Information provided Block Start

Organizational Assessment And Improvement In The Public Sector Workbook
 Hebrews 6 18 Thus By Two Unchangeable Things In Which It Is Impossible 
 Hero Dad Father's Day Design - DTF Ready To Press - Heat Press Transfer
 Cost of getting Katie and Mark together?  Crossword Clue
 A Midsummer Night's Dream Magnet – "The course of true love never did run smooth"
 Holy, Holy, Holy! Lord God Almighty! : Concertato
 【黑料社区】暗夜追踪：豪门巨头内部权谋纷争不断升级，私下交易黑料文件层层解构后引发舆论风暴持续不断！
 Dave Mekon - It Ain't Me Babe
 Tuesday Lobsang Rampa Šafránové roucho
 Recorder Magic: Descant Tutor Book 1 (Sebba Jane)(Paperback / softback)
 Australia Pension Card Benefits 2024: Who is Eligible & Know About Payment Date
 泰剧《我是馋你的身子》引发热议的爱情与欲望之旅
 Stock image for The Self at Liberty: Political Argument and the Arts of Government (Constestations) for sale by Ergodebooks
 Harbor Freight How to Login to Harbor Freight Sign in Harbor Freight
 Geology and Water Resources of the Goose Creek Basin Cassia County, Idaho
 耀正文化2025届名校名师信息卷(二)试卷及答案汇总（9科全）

Information provided Block End

What is being asked. Could you print the lines of the records above from the one containing "Geology and Water" through the last, exactly and with no additions?

The completed task.
 Geology and Water Resources of the Goose Creek Basin Cassia County, Idaho
 耀正文化2025届名校名师信息卷(二)试卷及答案汇总（9科全）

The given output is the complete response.